Paylaş
Zaten kandırılmak da ruhumuzda var. Sözde bu sezon kalite artmış, futbol adına çokça konuşacaktık. Oysa kalite olarak sınıfı geçecek bir maçı bırakın hakem konuşmaktan öteye gidemez olduk. Kavga gürültü de her zamanki gibi bu futbola dahil olacaktı.

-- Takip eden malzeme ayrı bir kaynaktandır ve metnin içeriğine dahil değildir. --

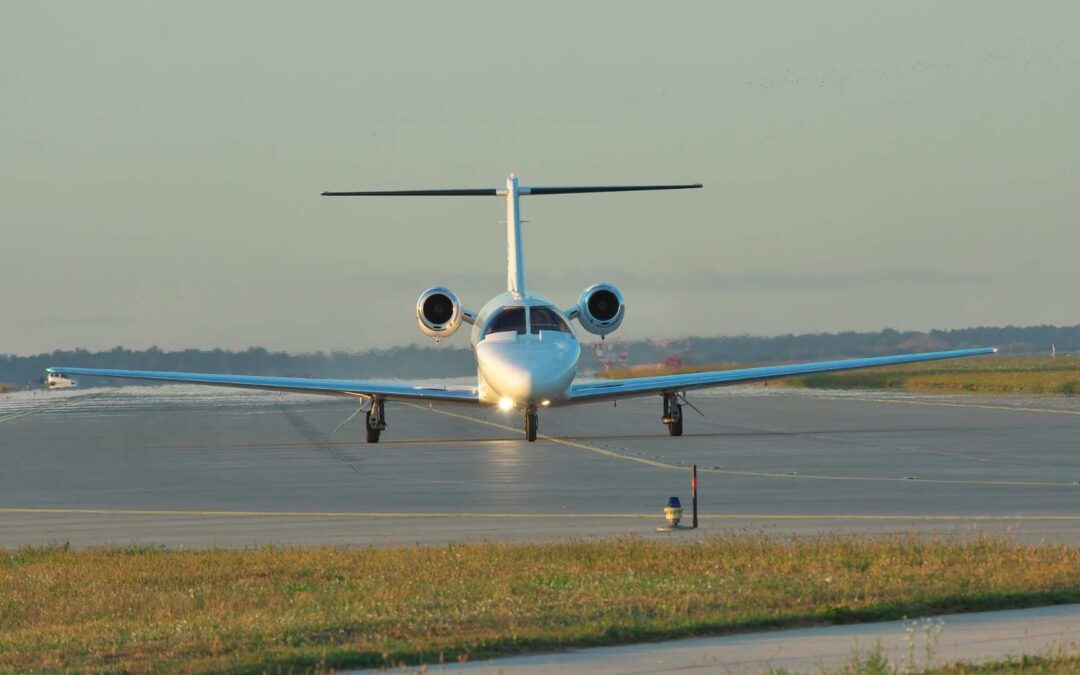 A Aviação Executiva e os Seguros: Protegendo Seus Ativos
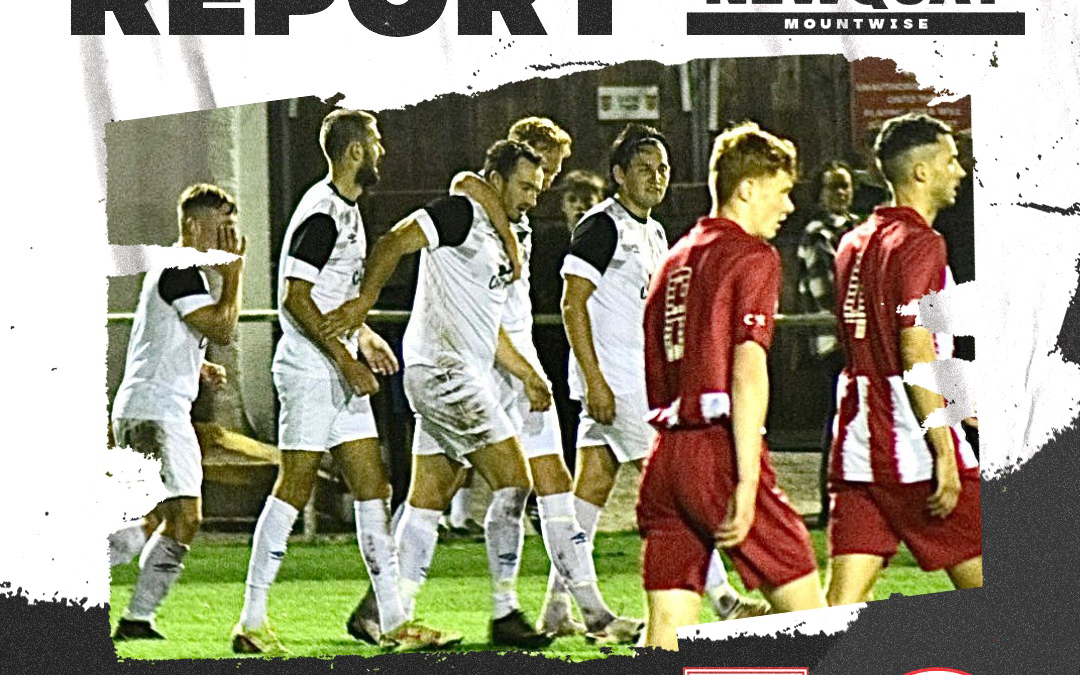 Match Report: Newquay 3 v 3 Wadebridge Town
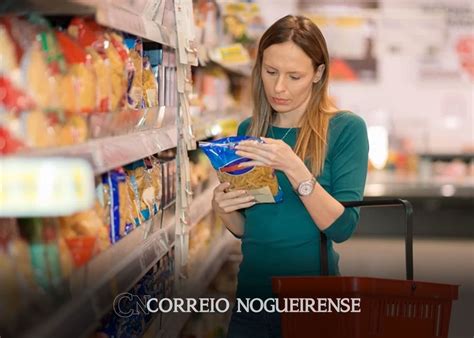 Novas regras para rótulos de alimentos entram em vigor Correio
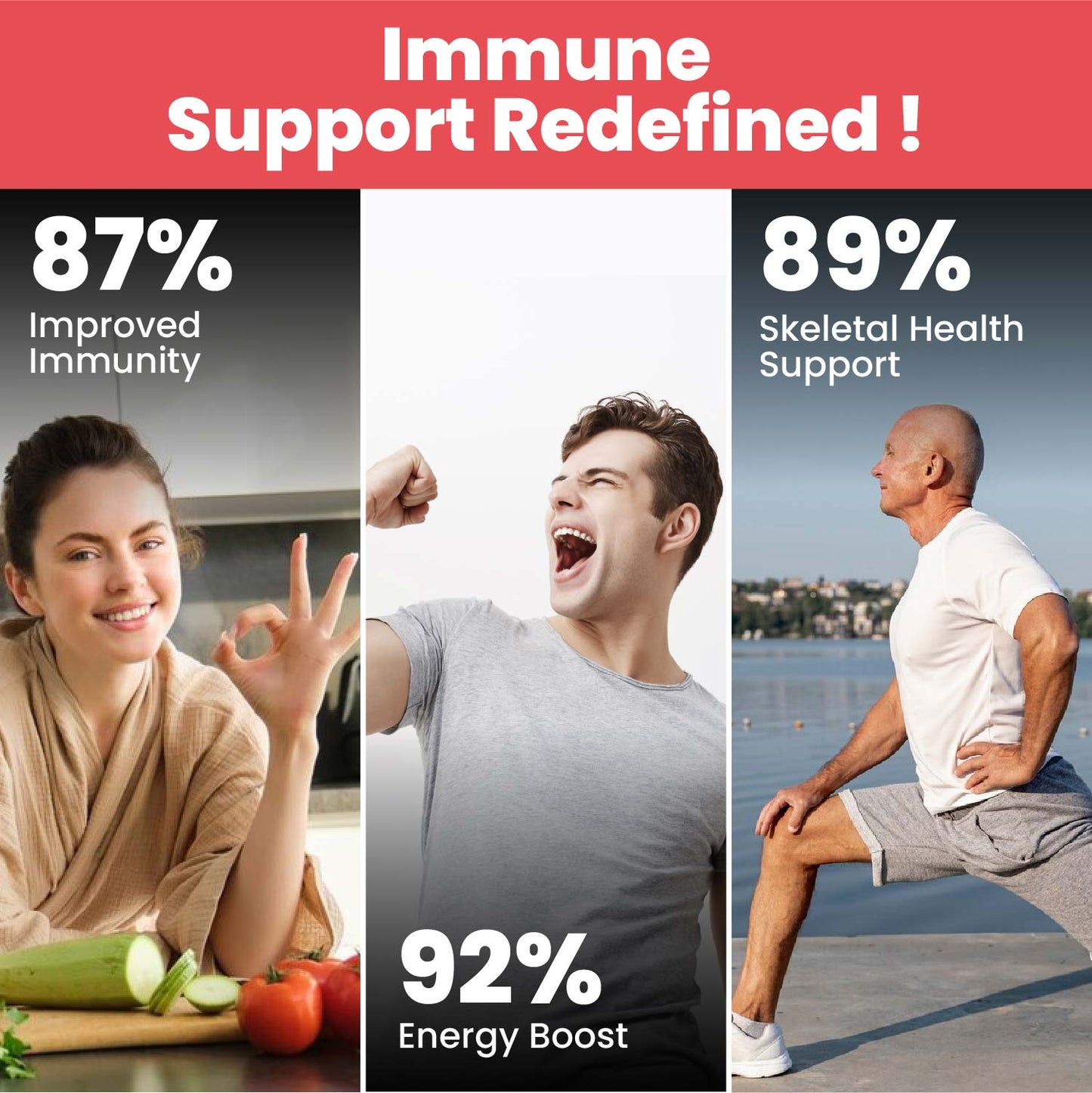 Vlado's Himalayan Organics Zinc Methionine Chelated Copper | Support Healthy Immune | Promotes  Skeetal  Health | Antioxidant Support - 120 Veg Capsules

Sonuçta iki teknik adam da deli gibi çalışmış mı, tartışılır ama ilk maçında Rıza Çalımbay ev sahibi olmanın avantajıyla bir tık daha başarılıydı. Bunun sonucunda da Trabzonspor, Fenerbahçe’nin taktiğini bizzat “başarılı” uygulamış durumda. Gergin maçlar her zamanki gibi Galatasaray’ın aleyhine işlemişti. Gerilim biraz mücadelenin önüne geçince, velhasıl hakem kararları, düşük kalite futbolda başka bir şey konuşamaz olduk.
Peki ya 90 dakikaya bakacak olursak, hızlı tempo ve paslaşmalar yerini kısa zaman sonra daha sert mücadelelere bıraktı. Ancak bu durum lider Galatasaray’ın pek de işine gelmeyecekti. Haftalardır galibiyete, kaybedilen onca maça, puanlara ve belki de futbolculara rağmen üç puana hasret Trabzonspor adeta maçı istemişti. Aldı da.
Trabzonspor’un oynadığı futbol hem taraftarı hem de bu zamana kadar kaybedilen puanlar için girizgâhtı. Ve Yusuf Yazıcı’nın tam bir on numara oynaması sonraki maçlara ışıktı.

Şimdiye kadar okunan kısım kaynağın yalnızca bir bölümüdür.